Everyone experiences anxiety at some point in their lives – that wave of consternation which rushes over you after your mind decides on something to worry about. Suddenly your chest tightens and you feel as if you’re about to take your last breath; your body starts to shake; your pupils swell and suddenly your body is covered in perspiration. But then before you know it, it’s over. To any logical individual, the key to overcoming anxiety is to take a deep breath and move on with your daily routine. However, for those suffering from an anxiety disorder, this cycle of panic never stops and ends up appearing impossible to overcome.
I was diagnosed with social anxiety disorder (SAD) two years ago, but in truth it’s accompanied me throughout my life.
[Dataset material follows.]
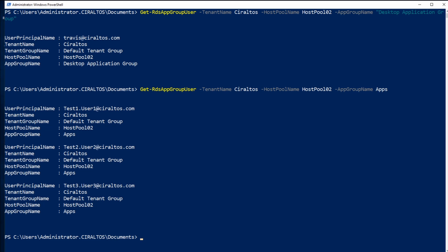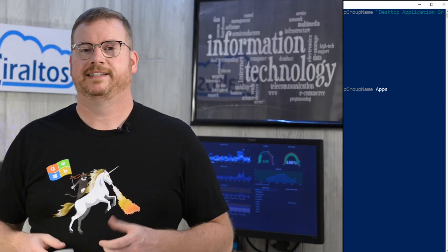That's it for the demo. We created a new remote app application group, added a couple applications to that group, and then set permissions a couple different ways on the remote app group and the desktop application group. Don't forget to subscribe and click the bell icon to be alerted when there's new content. Thanks for watching.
Excuse the irony of the name, but living with SAD means that I am constantly burdened with anxiety about everything, and nothing, all of the time. The other aspects of my illnesses emerged during my early teen years, however anxiety has been with me from the beginning. As a result, it may come as no surprise, that this has been one of the most difficult things for me to find healthy coping mechanisms for.
Let me explain to you the complexity of the brain and how it affects my daily life. I’ll do this by giving a scenario as follows:
You’re due to go to a friends meal and afterwards they are going for drinks in the local nightclub… simple right?
1. First, there’s the frantic doubts about who’s going to be there and who you can go with.
2. Then, there is the blatant checking of dates and times to ensure that you remember and don’t turn up too late or too early.
3. Afterwards, there’s the twenty or so texts to your friends checking with them that it’s still happening, even though they have confirmed it thousands of times.
4. Then there’s the tearful discussion with your mum about the fact you don’t know who you’re going to sit with and where you’re going to meet them.
5. It’s then a lengthy chat with your mum telling her you’re not going to go and her encouraging you that all you are doing is going for a meal; it’s not meant to be scary!
6. After, you try and distract yourself until it’s time to start getting ready but your mind won’t settle.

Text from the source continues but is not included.